● **Exercise brief**
Nothing but the data, repeated exactly, belongs in the answer.

● **Raw data**
::::::::

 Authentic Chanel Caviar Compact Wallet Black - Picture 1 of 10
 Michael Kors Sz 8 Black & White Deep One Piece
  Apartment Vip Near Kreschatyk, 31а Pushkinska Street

::::::::

● **Your solution**
 Authentic Chanel Caviar Compact Wallet Black - Picture 1 of 10
 Michael Kors Sz 8 Black & White Deep One Piece
  Apartment Vip Near Kreschatyk, 31а Pushkinska Street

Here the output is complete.